═══ EXTRACTED ENTRIES

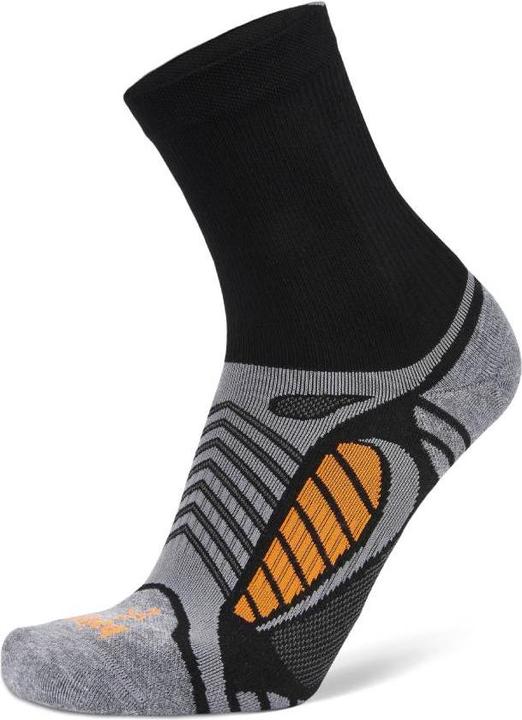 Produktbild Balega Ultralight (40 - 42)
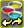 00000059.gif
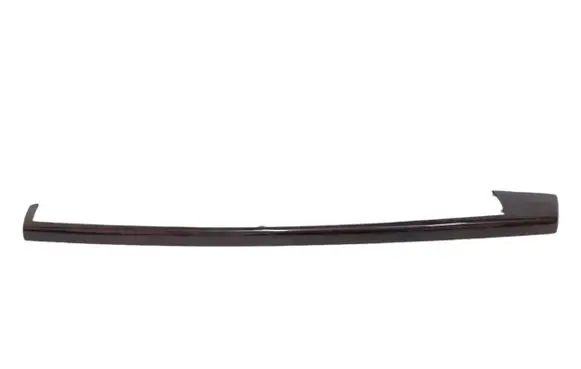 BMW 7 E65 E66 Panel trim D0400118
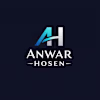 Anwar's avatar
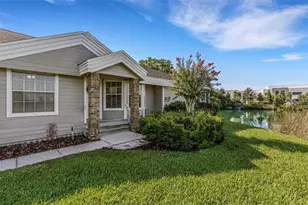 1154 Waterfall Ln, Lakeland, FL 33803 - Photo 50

══════

Leave the images aside and return the records above exactly as written.

RESULT OF THIS TASK
 Produktbild Balega Ultralight (40 - 42)
 00000059.gif
 BMW 7 E65 E66 Panel trim D0400118
 Anwar's avatar
 1154 Waterfall Ln, Lakeland, FL 33803 - Photo 50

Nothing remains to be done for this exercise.